Problem to work on =
Leave every picture out and print exactly the lines that run from the one containing "Peringati HKGB ke-73, Bhayangkari" to the end of the listing.

Material provided =
⁂
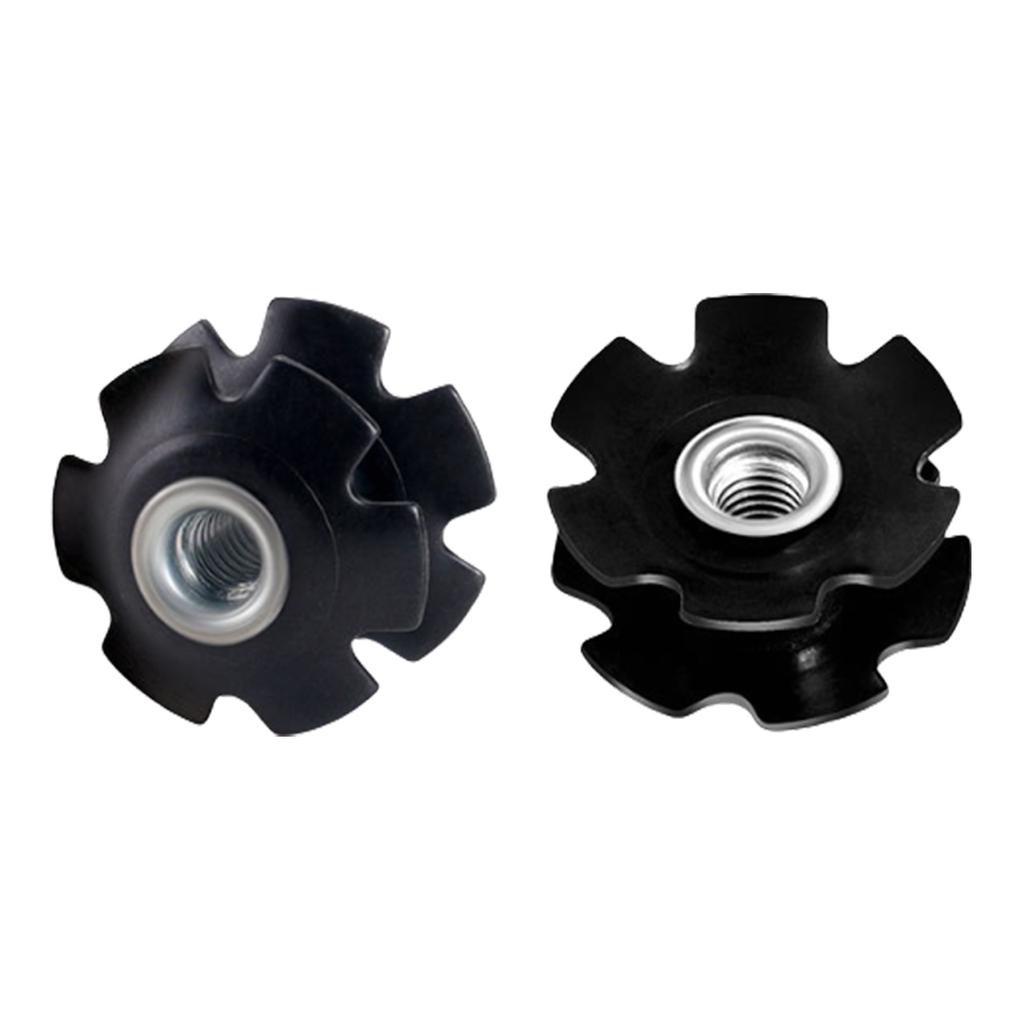10Pcs Bicycles Headset Star Nut Mountain Bike Fangled Nut Front Fork Mount Core Fastening Bolts Easy To Install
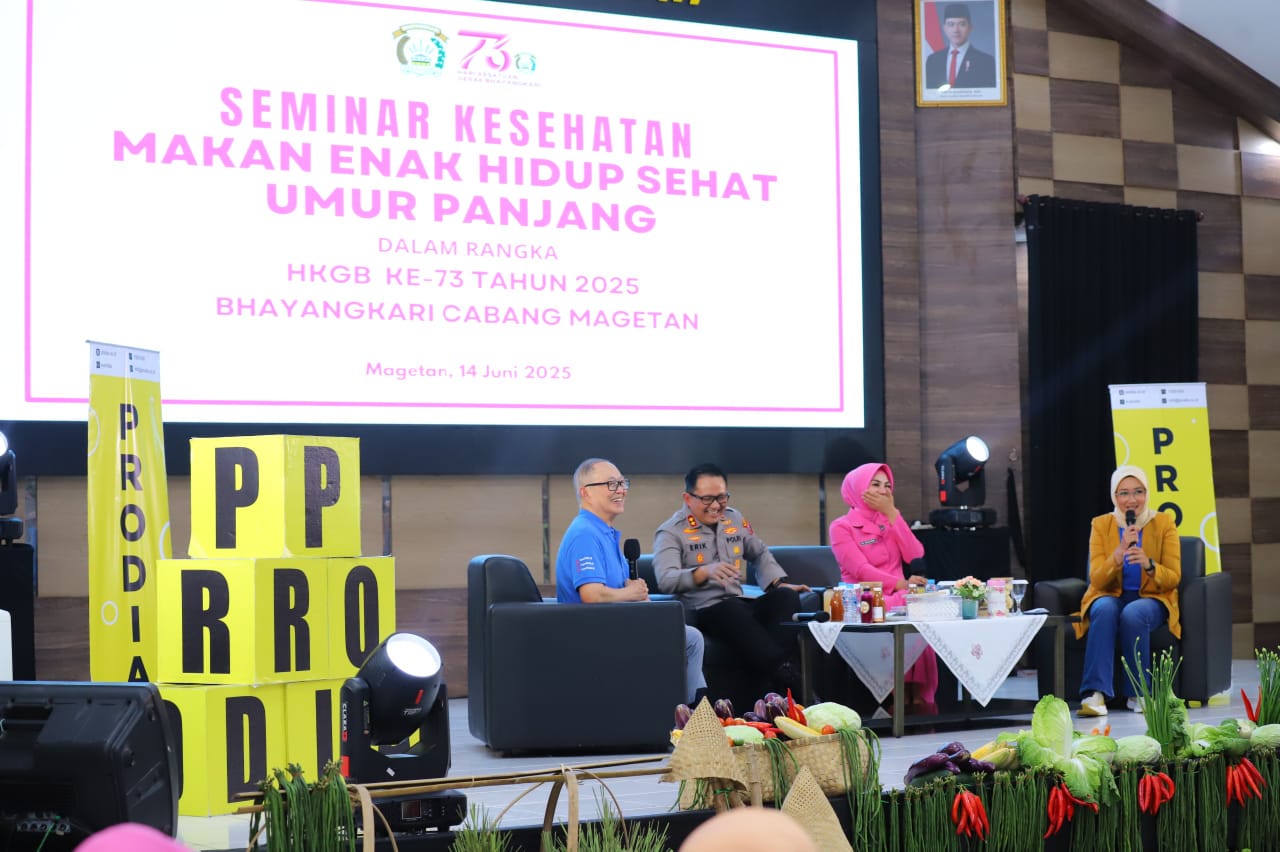 Peringati HKGB ke-73, Bhayangkari Magetan Gelar Seminar Sehat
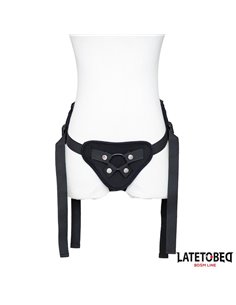 Arnés Strap On Encaje con Anillo Silicona Ajustable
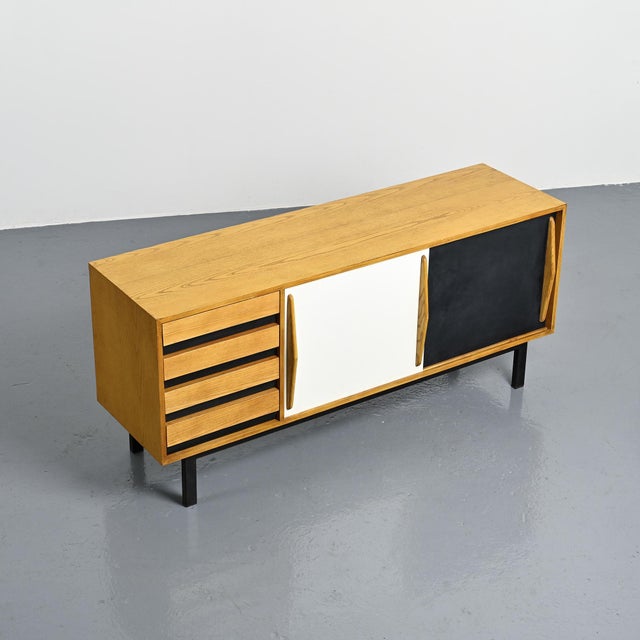 Ash Cansado Sideboard attributed to Charlotte Perriand for Steph Simon, 1960 For Sale - Image 12 of 14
⁂
Problem solution =
 Peringati HKGB ke-73, Bhayangkari Magetan Gelar Seminar Sehat
 Arnés Strap On Encaje con Anillo Silicona Ajustable
 Ash Cansado Sideboard attributed to Charlotte Perriand for Steph Simon, 1960 For Sale - Image 12 of 14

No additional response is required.